Before you get started, the number one safety tip for foraging is to not eat anything that you can’t identify, Thayer said. It’s also best to start with one plant, and add to your knowledge slowly from there.
"Most likely you already know a plant that you don’t know is edible. And that’s the easy way to go, one plant at a time. And within a short period of time, you’ll have learned six or seven, and all of a sudden the landscape starts to look different around you. It starts to look like a very complex garden, rather than just a bunch of random greenery," he said.
A really popular wild edible right now is the morel mushroom, and it's in season.
"They’ve been out for a few weeks in southern Wisconsin, and and they’re just starting to appear in northern Wisconsin," Thayer said.
Morels have a distinct spongy webbed cap. Good places to look for them include in and around dead elm trees that still have bark on their branches, old and dead apple trees, old and dead butternut trees, and white ash trees living or dead.
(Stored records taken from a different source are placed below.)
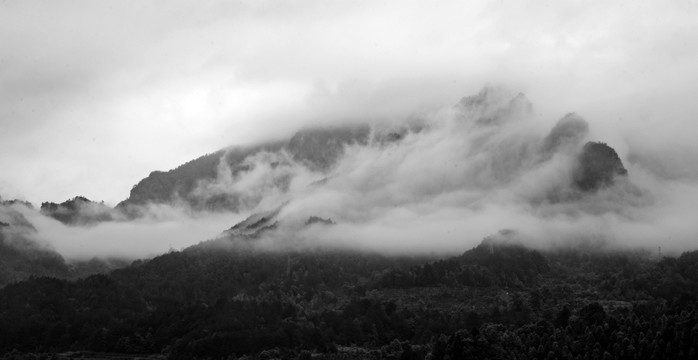 水墨山水 莲花山 雾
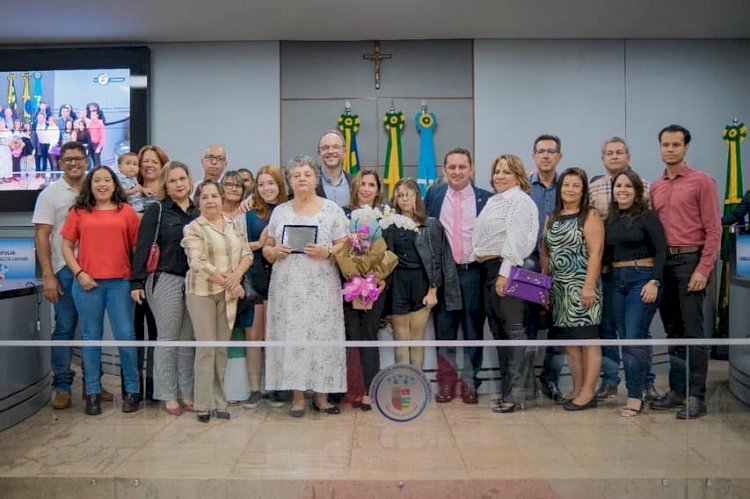 Câmara Municipal de Caldas Novas realizou Sessão Solene em Homenagem ao Dia das Mães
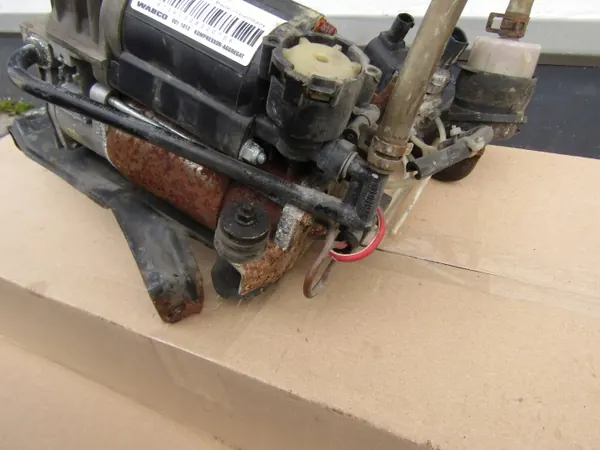 Mercedes W211 Airmatic Kompressor OEM WABCO - Begagnad image 3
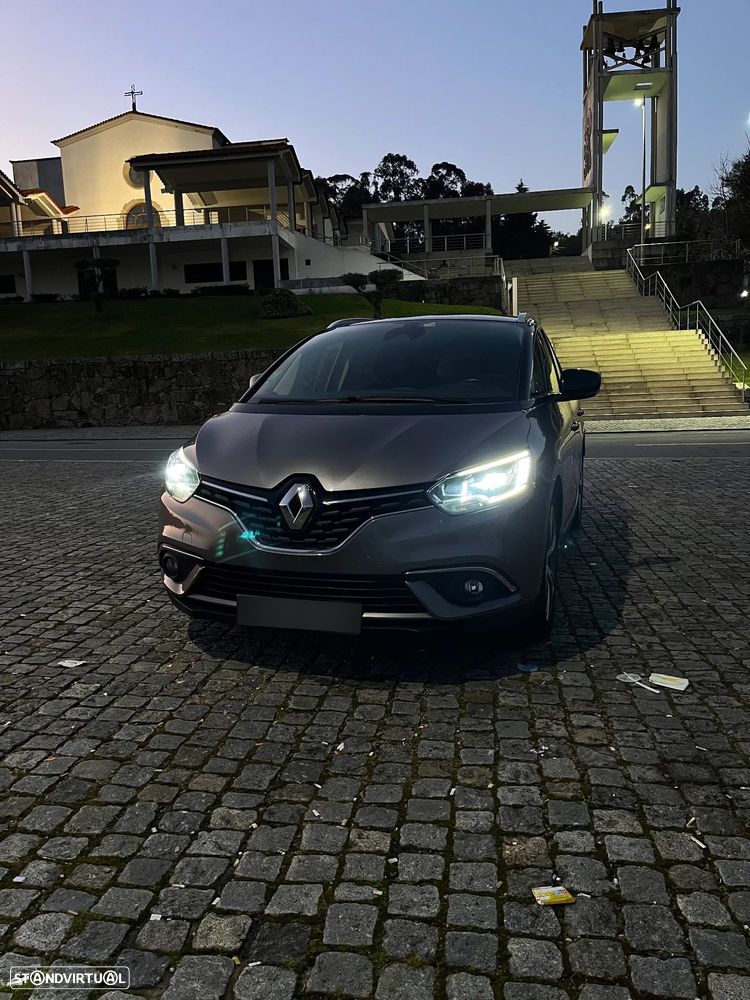 Renault Grand Scénic - 11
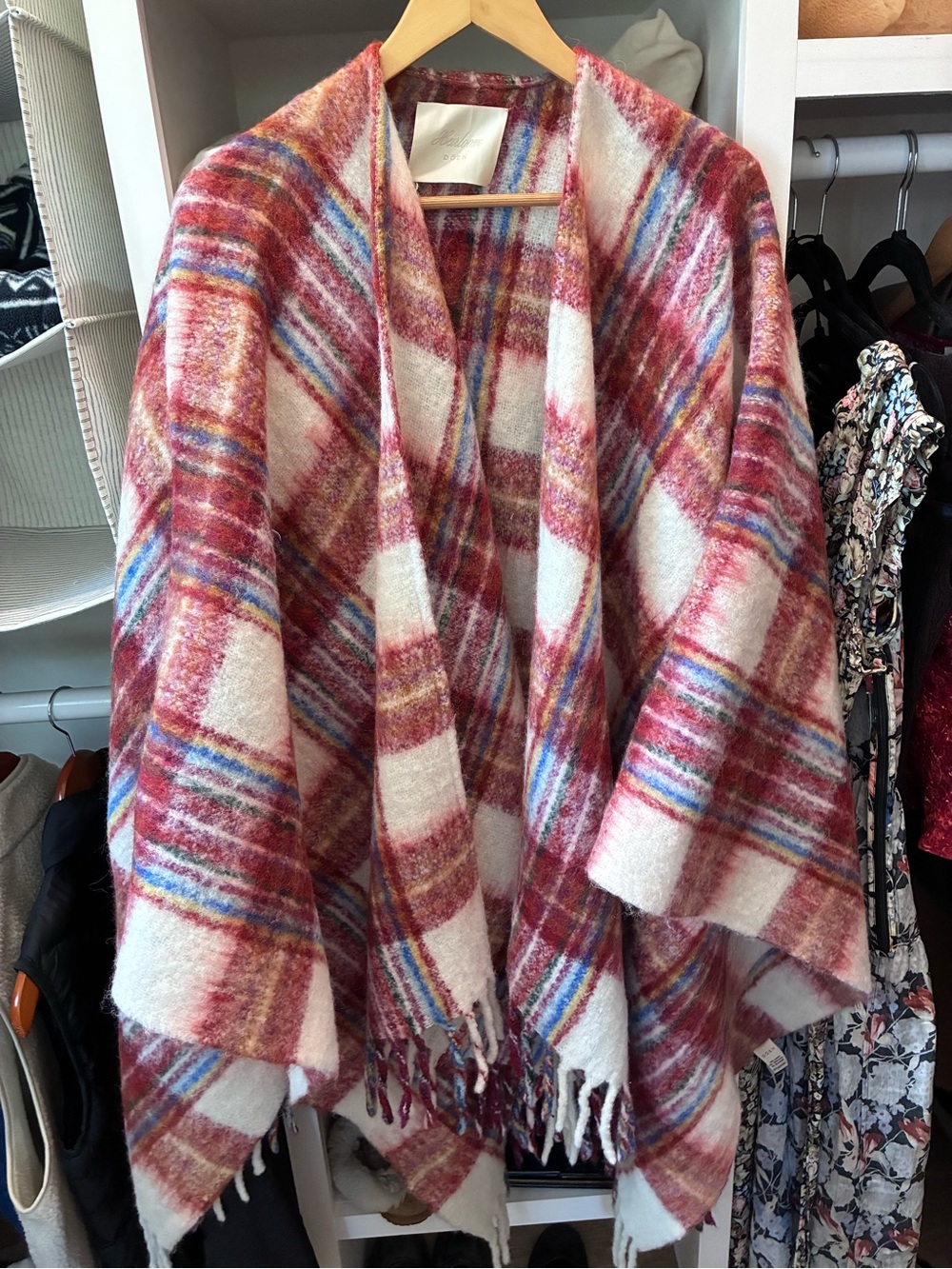 Doen Red & Cream Plaid Fringe Wrap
Thayer said to be careful of false morels, mushrooms that look similar to actual morels but aren’t edible.
"The false morel kind of has a gangly, convoluted cap, whereas the true morel is hollow. And the real morel has kind of the honeycomb-like surface with a network of ridges. The false morel is more just folds," Thayer said.
They look similar at a glance, but it’s easy to tell the difference if you actually pick them up, he said.
Other plants you can forage for in Wisconsin right now include caraway, pepperweed, leeks or ramps, and dandelion greens.
"Caraway was grown for hundreds of years as a green leafy vegetable and as a root vegetable," Thayer said. Most people only know about the seeds because they’ve been commodified. But the entire plant is edible. It grows in slightly moist soil and is more common in northern Wisconsin. Thayer cooks it in a traditional Norwegian soup or fries it up with other greens.
Pepperweed is another Wisconsin green, abundant throughout the state. It’s best to forage for it now and into the first or second week of June, Thayer said. "You find pepperweed anywhere that’s disturbed, dry and usually sandy. Every listener has seen it," he said. It’s similar to broccoli in taste, but with a slightly spicy zing, he said.
Other edible plants to look out for include violets, nettles, fiddleheads, wild asparagus, creeping bellflower and pheasant back mushrooms.
"Foraging encapsulates all the good things in life into one activity. You get exercise, you get really delicious and really nutritious food, it gets you out appreciating nature. It’s a great way for all the generations of a family to do something together outside. I can’t think of one reason not to go foraging," Thayer said.
Thayer’s new book, "Incredible Wild Edibles," comes out Nov. 1.